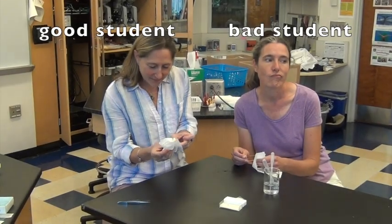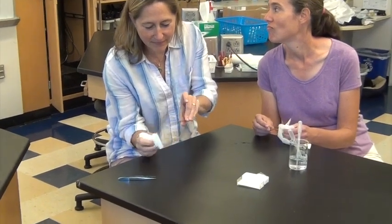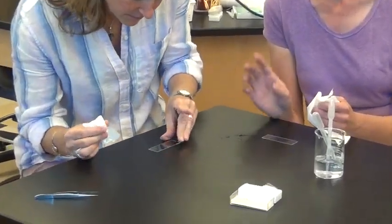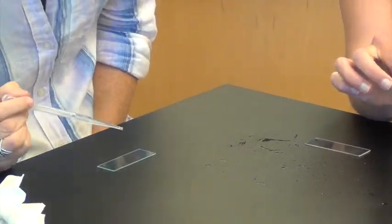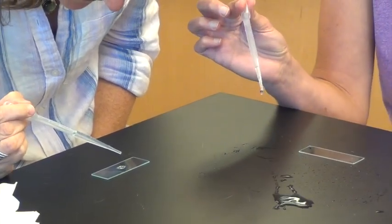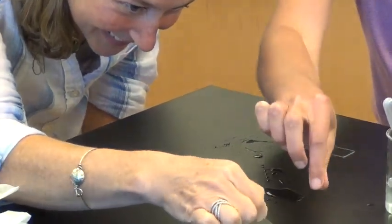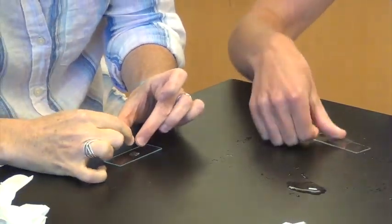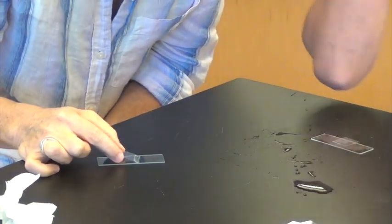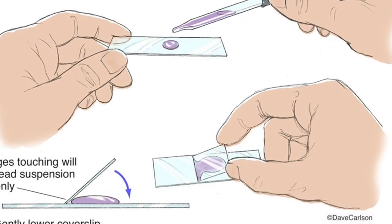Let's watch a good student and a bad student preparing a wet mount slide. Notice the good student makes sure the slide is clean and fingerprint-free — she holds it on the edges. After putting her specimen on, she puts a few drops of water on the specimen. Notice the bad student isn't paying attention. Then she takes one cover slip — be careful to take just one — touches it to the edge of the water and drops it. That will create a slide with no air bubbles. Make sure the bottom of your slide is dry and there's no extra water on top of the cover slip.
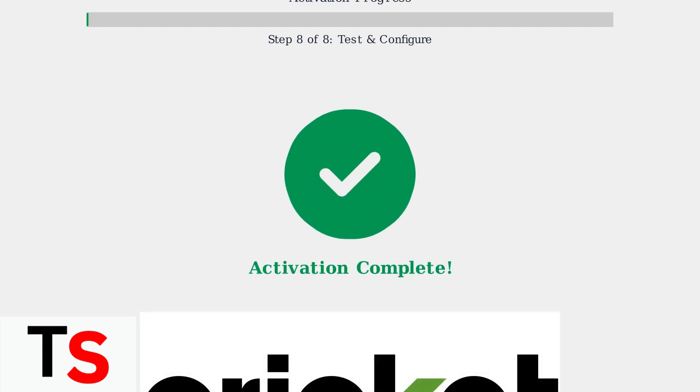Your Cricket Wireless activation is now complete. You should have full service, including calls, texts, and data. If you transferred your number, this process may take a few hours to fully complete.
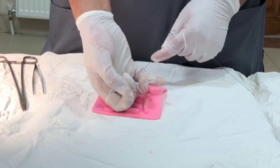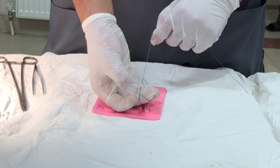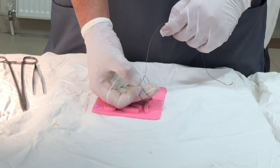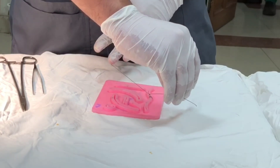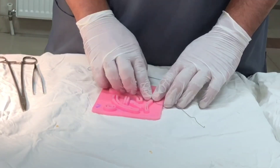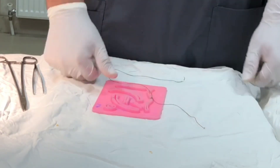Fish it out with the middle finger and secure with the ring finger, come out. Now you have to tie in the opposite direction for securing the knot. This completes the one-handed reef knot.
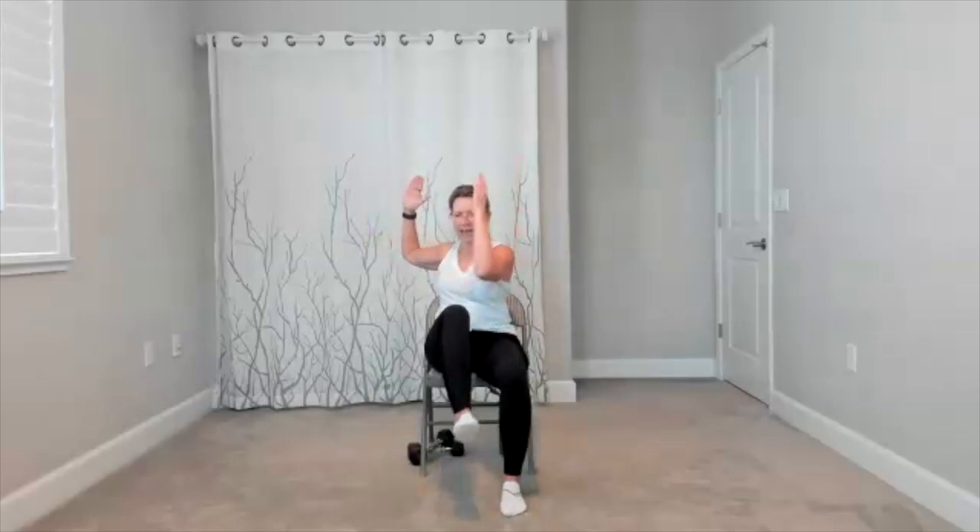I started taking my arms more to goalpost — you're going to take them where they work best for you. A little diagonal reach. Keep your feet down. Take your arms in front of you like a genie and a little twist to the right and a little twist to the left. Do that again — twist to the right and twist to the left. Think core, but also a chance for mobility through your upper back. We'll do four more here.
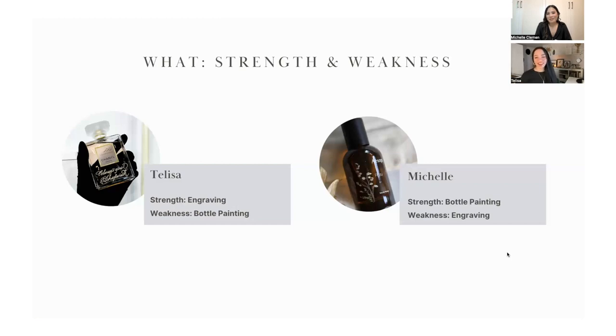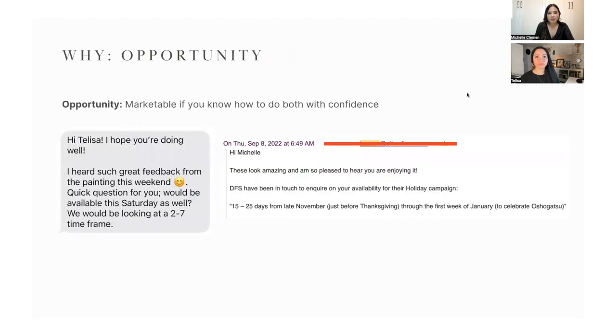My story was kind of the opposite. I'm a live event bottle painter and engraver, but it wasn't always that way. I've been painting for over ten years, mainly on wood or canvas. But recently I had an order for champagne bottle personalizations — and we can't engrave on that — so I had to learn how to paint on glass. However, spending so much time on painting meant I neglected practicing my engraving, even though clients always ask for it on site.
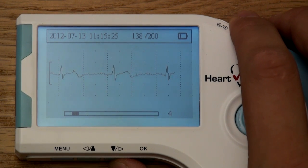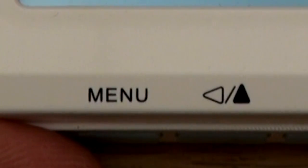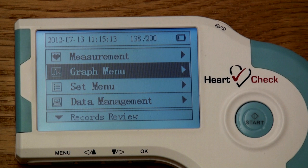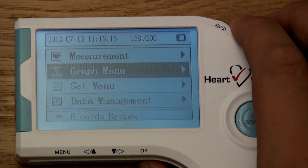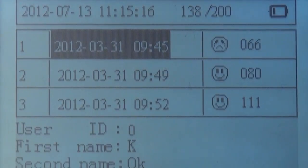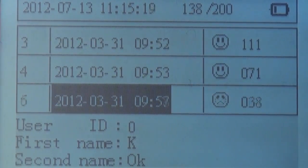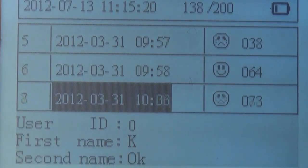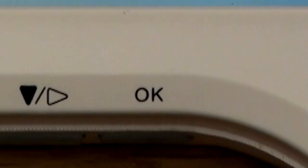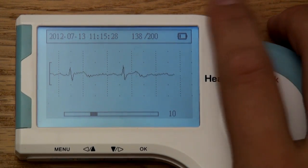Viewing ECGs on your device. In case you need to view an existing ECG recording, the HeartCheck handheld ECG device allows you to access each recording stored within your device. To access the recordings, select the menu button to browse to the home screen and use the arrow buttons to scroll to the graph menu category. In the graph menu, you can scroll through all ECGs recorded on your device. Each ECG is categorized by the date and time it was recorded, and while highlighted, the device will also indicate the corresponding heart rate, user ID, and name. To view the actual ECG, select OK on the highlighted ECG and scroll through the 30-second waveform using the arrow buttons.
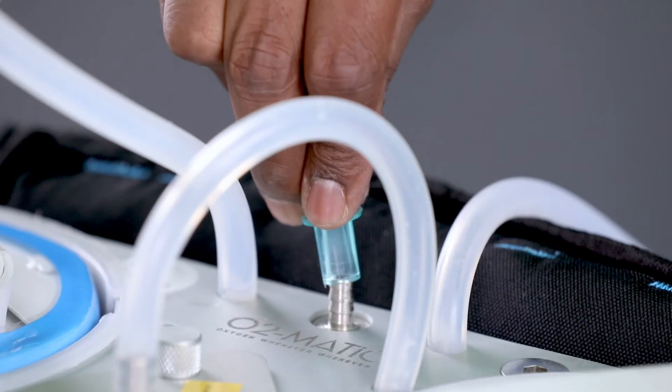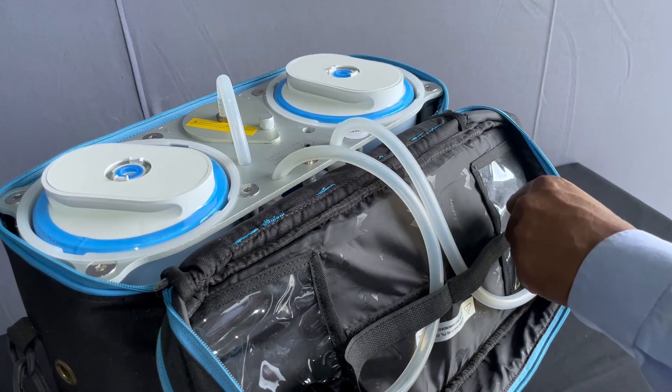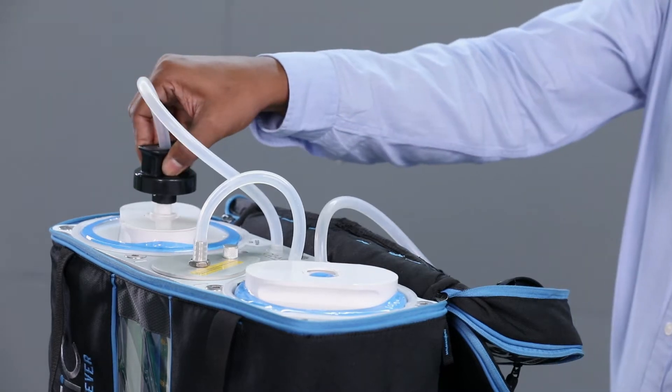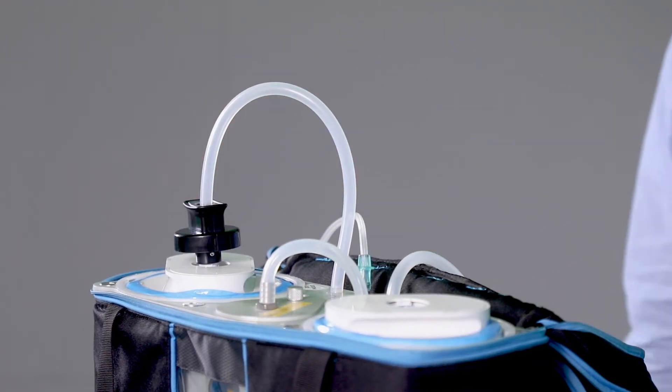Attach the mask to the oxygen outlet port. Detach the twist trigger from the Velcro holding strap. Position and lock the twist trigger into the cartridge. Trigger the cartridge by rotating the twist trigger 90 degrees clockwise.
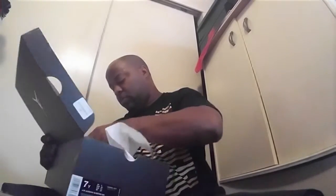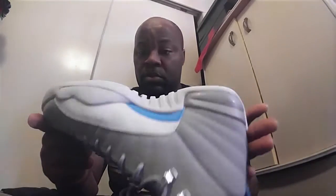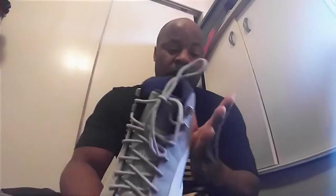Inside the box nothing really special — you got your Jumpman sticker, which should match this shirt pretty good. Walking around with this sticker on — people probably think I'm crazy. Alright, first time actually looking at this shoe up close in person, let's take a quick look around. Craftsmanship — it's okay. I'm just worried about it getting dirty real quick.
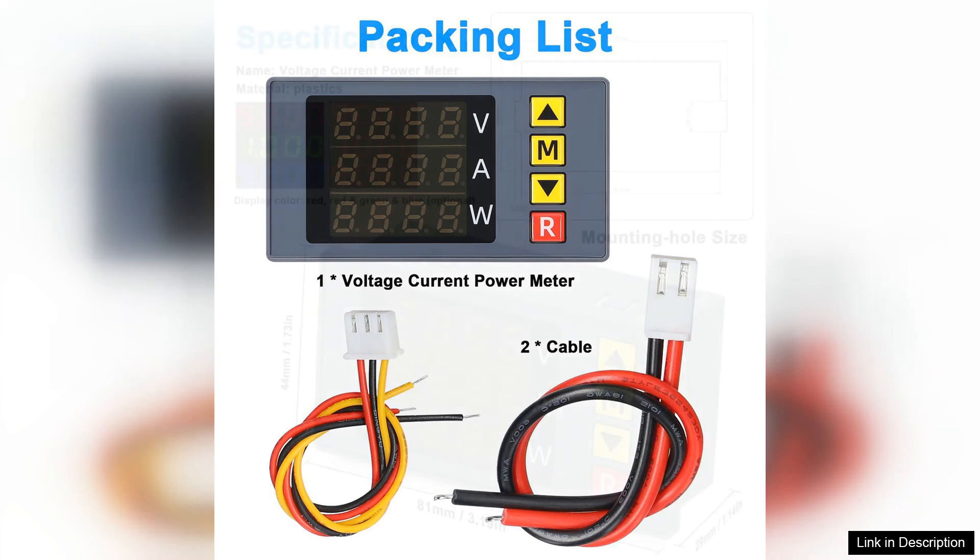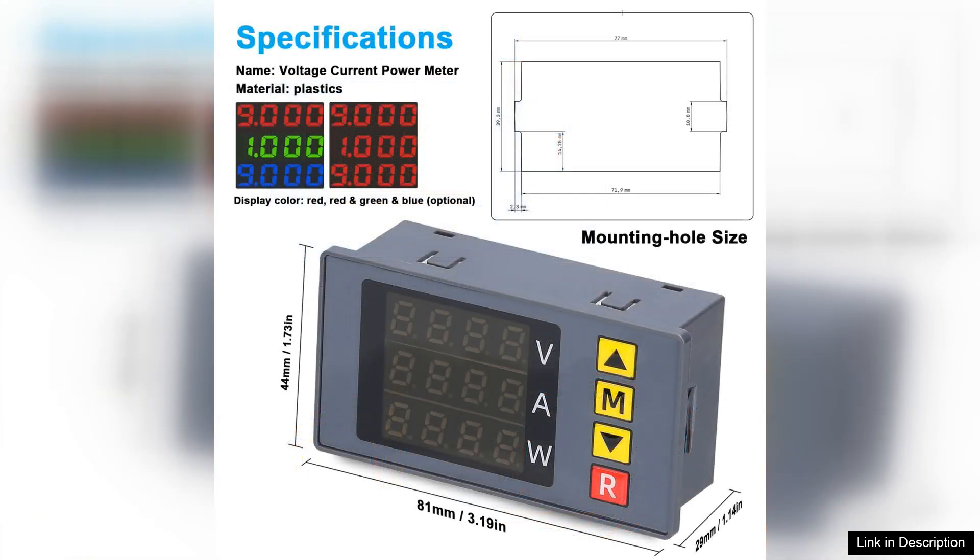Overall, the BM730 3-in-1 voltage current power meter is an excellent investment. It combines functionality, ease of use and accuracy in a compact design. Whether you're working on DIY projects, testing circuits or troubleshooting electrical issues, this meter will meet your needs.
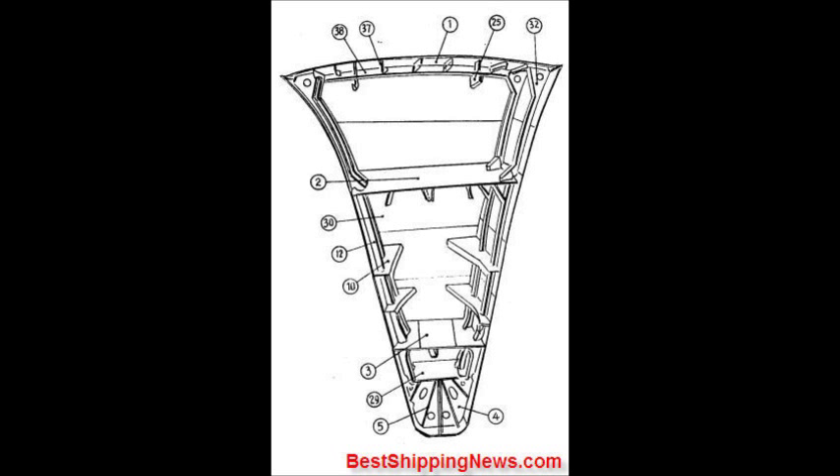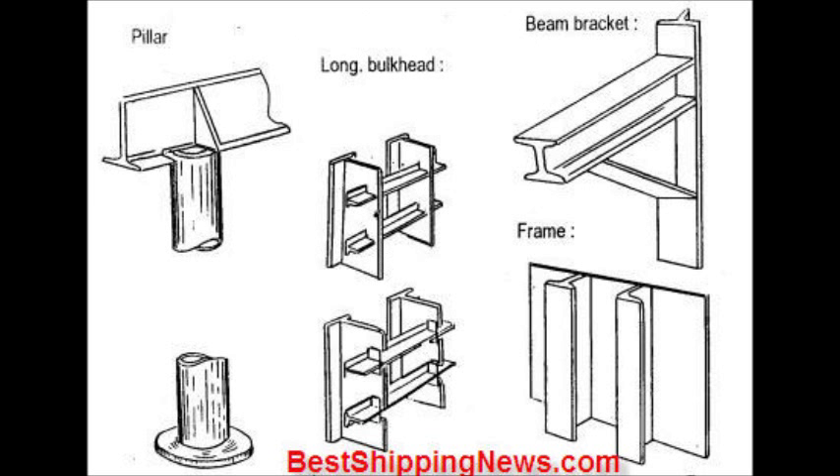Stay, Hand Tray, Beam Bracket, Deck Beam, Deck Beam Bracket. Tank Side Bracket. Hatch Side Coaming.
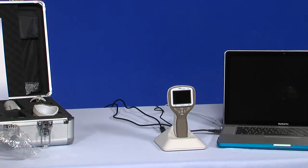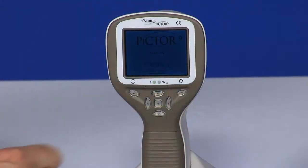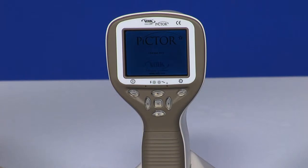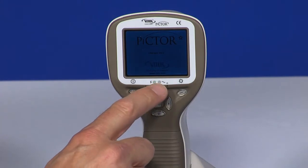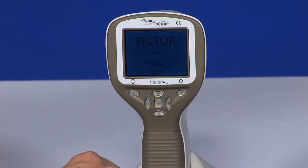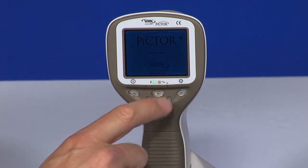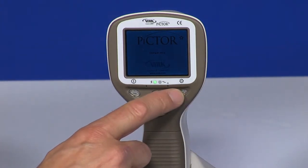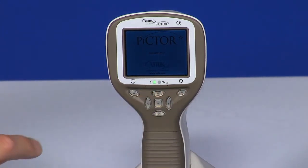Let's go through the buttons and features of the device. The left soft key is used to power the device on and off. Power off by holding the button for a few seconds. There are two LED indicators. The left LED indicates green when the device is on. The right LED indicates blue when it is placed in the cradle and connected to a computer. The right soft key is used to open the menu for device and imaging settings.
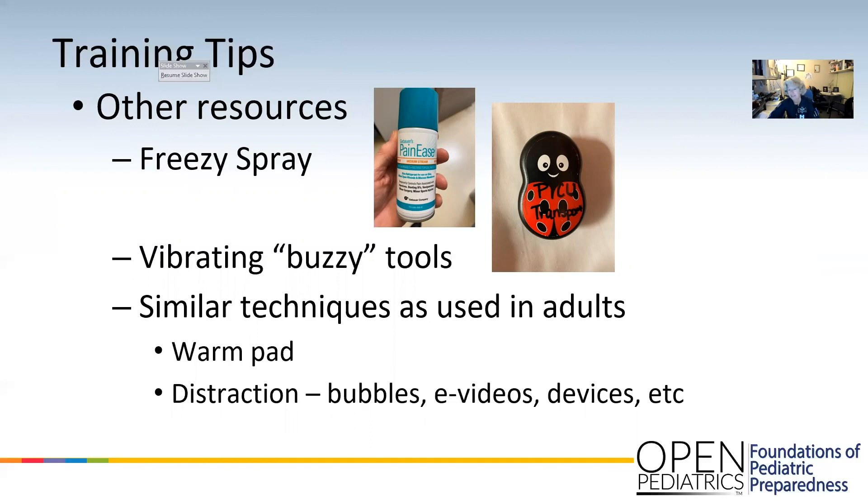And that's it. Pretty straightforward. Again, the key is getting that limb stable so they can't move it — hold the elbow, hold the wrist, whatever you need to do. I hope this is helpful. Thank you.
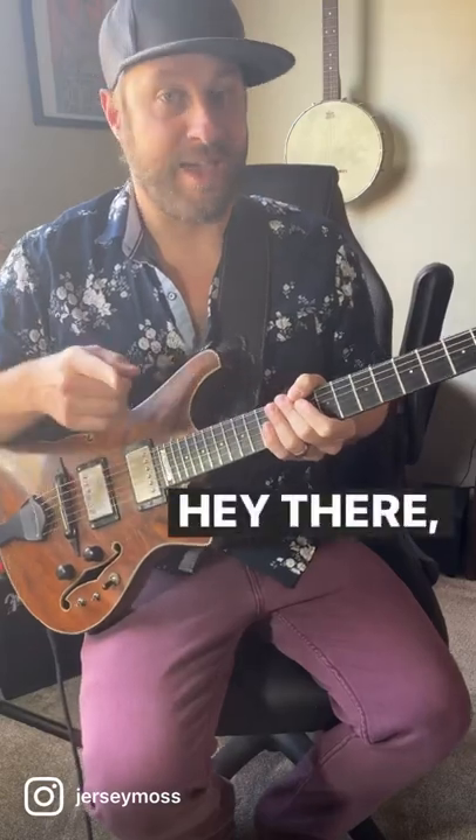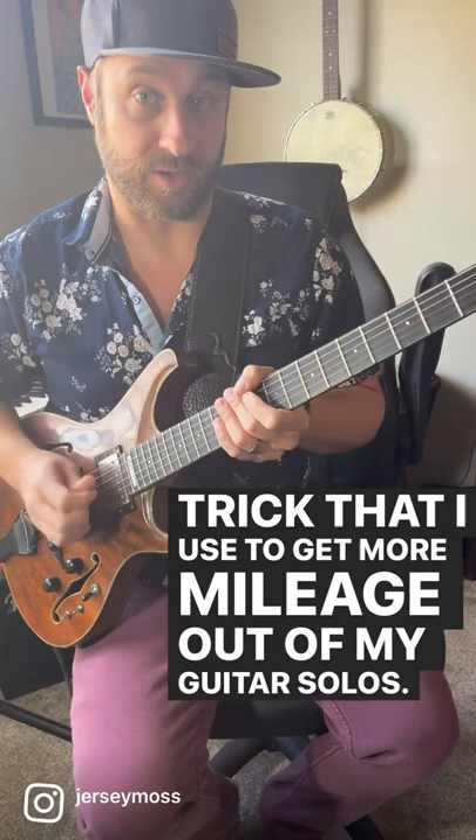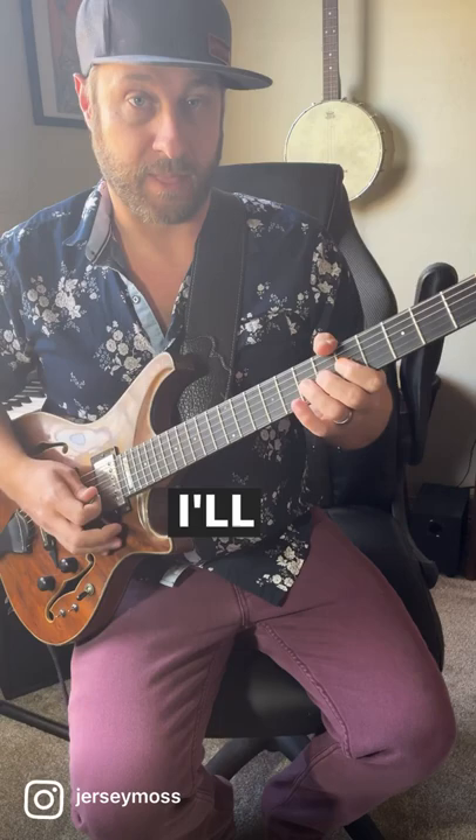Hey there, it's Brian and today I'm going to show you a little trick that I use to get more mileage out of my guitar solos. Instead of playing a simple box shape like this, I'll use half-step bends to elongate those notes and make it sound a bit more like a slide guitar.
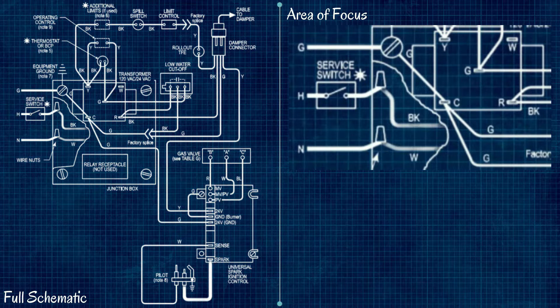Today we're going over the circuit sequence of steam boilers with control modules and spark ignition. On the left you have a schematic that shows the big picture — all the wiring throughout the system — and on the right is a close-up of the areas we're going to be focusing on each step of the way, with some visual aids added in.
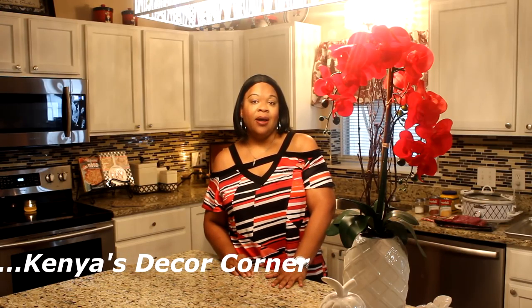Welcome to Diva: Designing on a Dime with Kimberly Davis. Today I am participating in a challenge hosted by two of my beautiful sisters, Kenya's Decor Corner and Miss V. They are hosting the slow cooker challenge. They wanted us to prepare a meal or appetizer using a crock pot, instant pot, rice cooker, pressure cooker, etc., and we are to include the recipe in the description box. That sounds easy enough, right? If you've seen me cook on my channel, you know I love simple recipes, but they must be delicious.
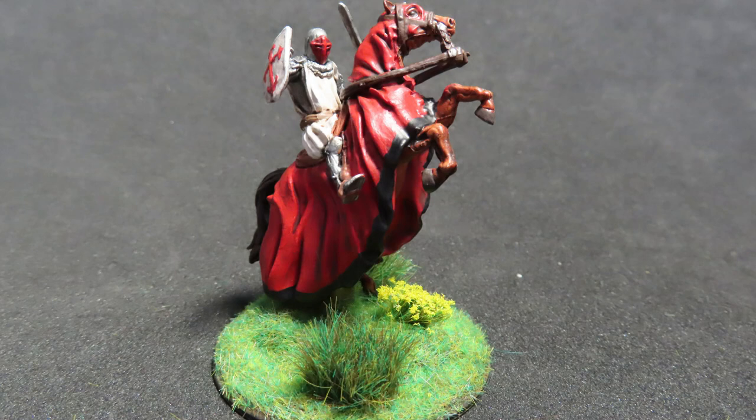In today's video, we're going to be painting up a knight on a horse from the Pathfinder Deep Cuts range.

• **Try it**:
Restate, line by line and word for word, everything from the top of the material through the line that contains "My story was". Leave pictures out.

• **Exercise response**:
Let's watch a good student and a bad student preparing a wet mount slide. Notice the good student makes sure the slide is clean and fingerprint-free — she holds it on the edges. After putting her specimen on, she puts a few drops of water on the specimen. Notice the bad student isn't paying attention. Then she takes one cover slip — be careful to take just one — touches it to the edge of the water and drops it. That will create a slide with no air bubbles. Make sure the bottom of your slide is dry and there's no extra water on top of the cover slip.
Your Cricket Wireless activation is now complete. You should have full service, including calls, texts, and data. If you transferred your number, this process may take a few hours to fully complete.
Fish it out with the middle finger and secure with the ring finger, come out. Now you have to tie in the opposite direction for securing the knot. This completes the one-handed reef knot.
I started taking my arms more to goalpost — you're going to take them where they work best for you. A little diagonal reach. Keep your feet down. Take your arms in front of you like a genie and a little twist to the right and a little twist to the left. Do that again — twist to the right and twist to the left. Think core, but also a chance for mobility through your upper back. We'll do four more here.
My story was kind of the opposite. I'm a live event bottle painter and engraver, but it wasn't always that way. I've been painting for over ten years, mainly on wood or canvas. But recently I had an order for champagne bottle personalizations — and we can't engrave on that — so I had to learn how to paint on glass. However, spending so much time on painting meant I neglected practicing my engraving, even though clients always ask for it on site.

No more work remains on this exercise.